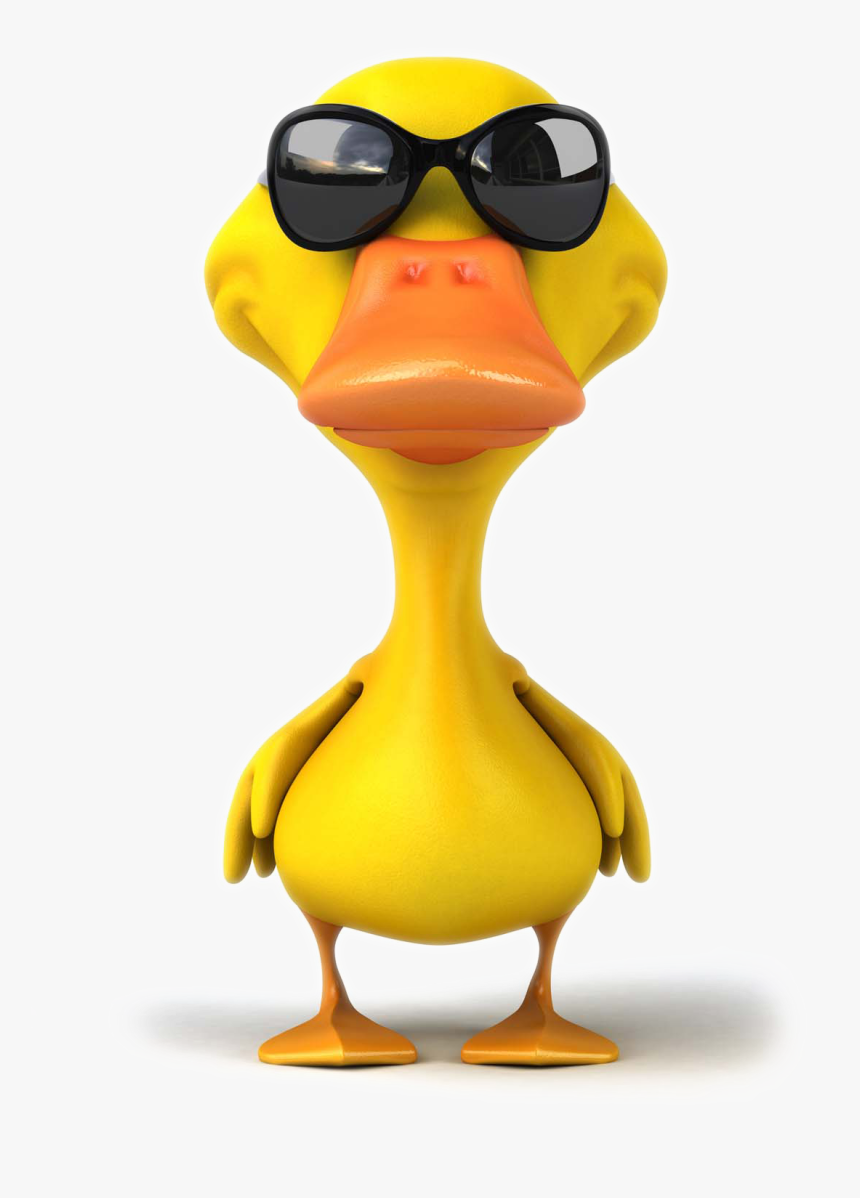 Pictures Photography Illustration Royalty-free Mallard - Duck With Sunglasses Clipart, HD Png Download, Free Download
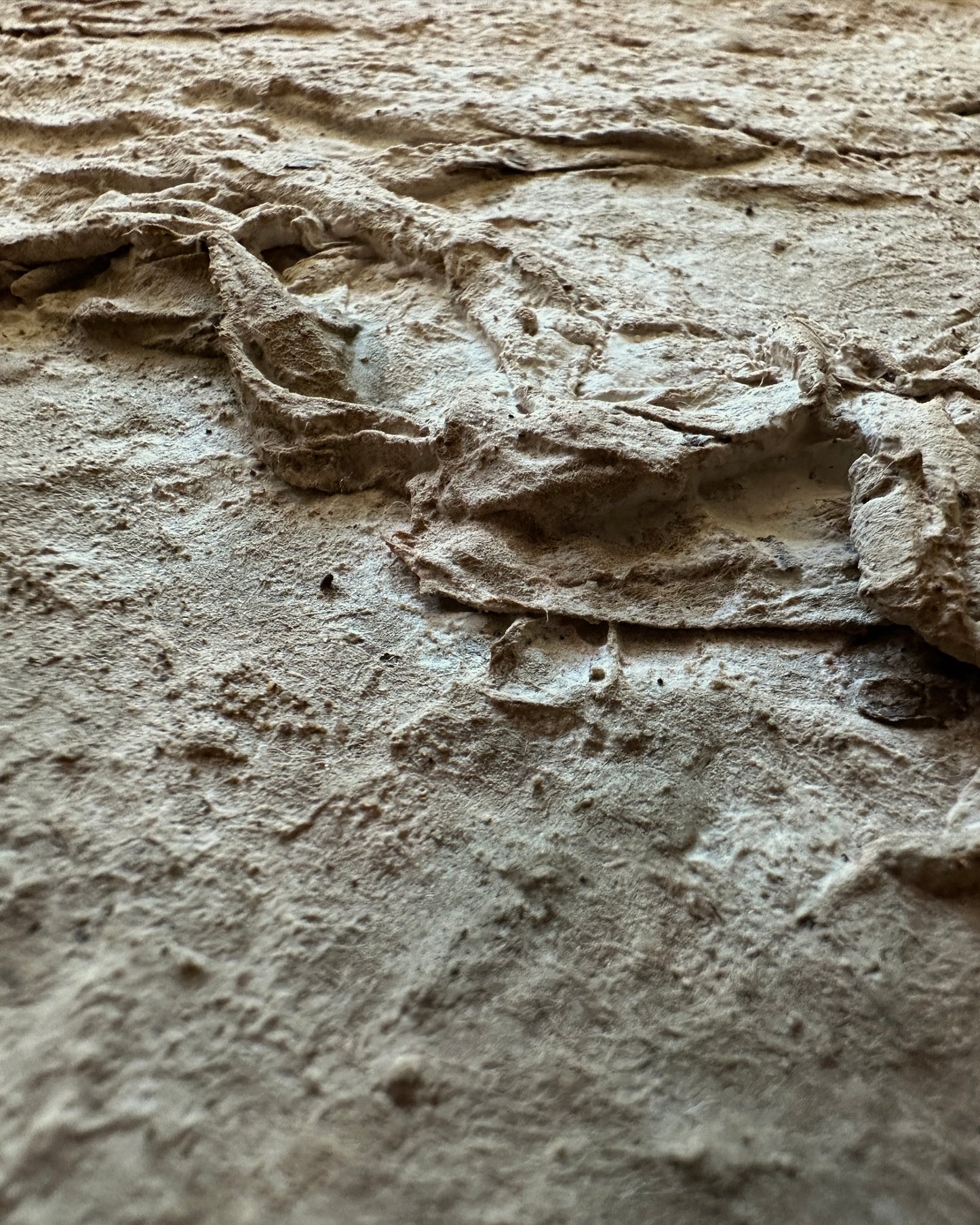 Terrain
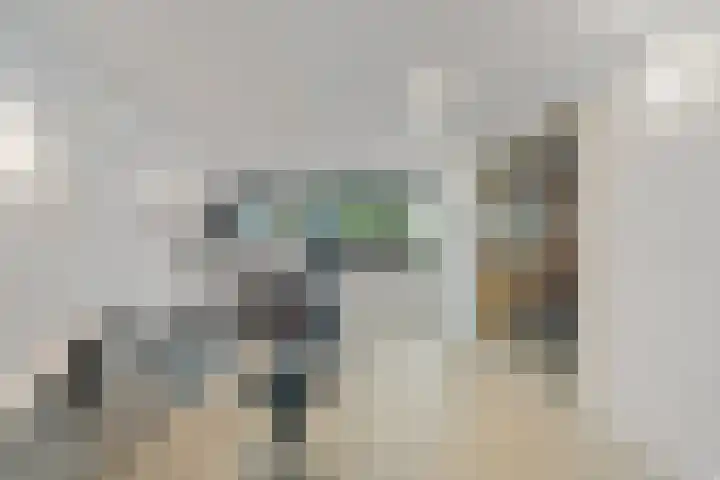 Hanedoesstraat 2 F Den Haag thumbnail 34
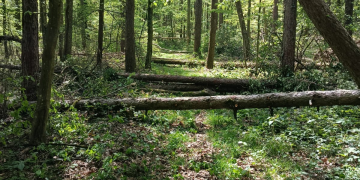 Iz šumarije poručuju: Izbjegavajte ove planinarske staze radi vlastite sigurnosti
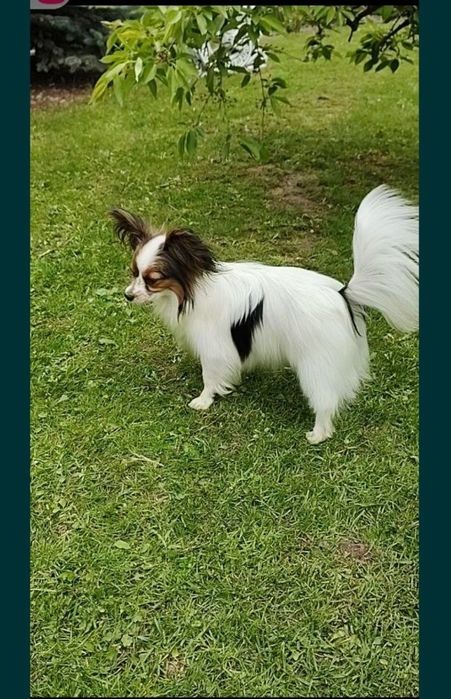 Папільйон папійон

How to complete this task.
An exact copy of the data is required, with the pictures excluded.

Your response.
 Pictures Photography Illustration Royalty-free Mallard - Duck With Sunglasses Clipart, HD Png Download, Free Download
 Terrain
 Hanedoesstraat 2 F Den Haag thumbnail 34
 Iz šumarije poručuju: Izbjegavajte ove planinarske staze radi vlastite sigurnosti
 Папільйон папійон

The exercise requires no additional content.